Building Scalable Databases: Are Relational Databases Compatible with Large Scale Websites?

March 10, 2010

@ 03:06 PM

A few weeks ago Todd Hoff over on the High Scalability blog penned a blog post titled MySQL and Memcached: End of an Era? where he wrote

If you look at the early days of this blog, when web scalability was still in its heady bloom of youth, many of the articles had to do with leveraging MySQL and memcached. Exciting times. Shard MySQL to handle high write loads, cache objects in memcached to handle high read loads, and then write a lot of glue code to make it all work together. That was state of the art, that was how it was done. The architecture of many major sites still follow this pattern today, largely because with enough elbow grease, it works.
…
With a little perspective, it's clear the MySQL+memcached era is passing.
…
LinkedIn has moved on with their Project Voldemort. Amazon went there a while ago.

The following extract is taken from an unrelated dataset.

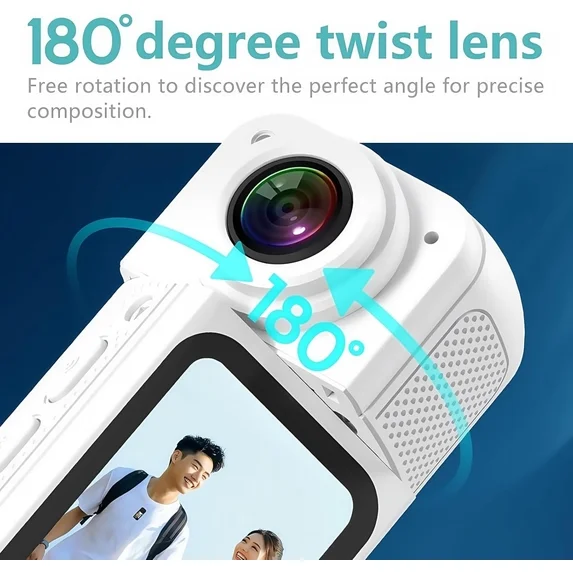 128GB FHD 2.7K Mini Rotate Body Camera, Wearable Action Body Cam, Thumb Size Hands Free Recording Body Worn Camera, Portable Camcorder Mount Anywhere for Work, Travel, Sport,Pet Walking (Black)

Digg declared their entrance into a new era in a post on their blog titled Looking to the future with Cassandra,
…
Twitter has also declared their move in the article Cassandra @ Twitter: An Interview with Ryan King.

Todd’s blog has been a useful source of information on the topic of scaling large scale websites since he catalogues as many presentations as he can find from industry leaders on how they’ve designed their systems to deal with millions to hundreds of millions of users pounding their services a day. What he’s written above is really an observation about industry trends and isn’t really meant to attack any technology. I did find it interesting that many took it as an attack on memcached and/or relational databases and came out swinging.

One post which I thought tried to take a balanced approach to rebuttal was Dennis Forbes’ Getting Real about NoSQL and the SQL-Isn't-Scalable Lie where he writes

I work in the financial industry. RDBMS’ and the Structured Query Language (SQL) can be found at the nucleus of most of our solutions. The same was true when I worked in the insurance, telecommunication, and power generation industries. So it piqued my interest when a peer recently forwarded an article titled “The end of SQL and relational databases”, adding the subject line “We’re living in the past”. [Though as Michael Stonebraker points out, SQL the query language actually has remarkably little to actually to do with the debate. It would be more clearly called NoACID]
…
From a vertical scaling perspective — it’s the easiest and often the most computationally effective way to scale (albeit being very inefficient from a cost perspective) — you have the capacity to deploy your solution on powerful systems with armies of powerful cores, hundreds of GBs of memory, operating against SAN arrays with ranks and ranks of SSDs.

The computational and I/O capacity possible on a single “machine” are positively enormous. The storage system, which is the biggest limiting factor on most database platforms, is ridiculously scalable, especially in the bold new world of SSDs (or flash cards like the FusionIO).
…
From a horizontal scaling perspective you can partition the data across many machines, ideally configuring each machine in a failover cluster so you have complete redundancy and availability. With Oracle RAC and Sybase ASE you can even add the classic clustering approach. Such a solution — even on a stodgy old RDBMS — is scalable far beyond any real world need because you’ve built a system for a large corporation, deployed in your own datacenter, with few constraints beyond the limits of technology and the platform.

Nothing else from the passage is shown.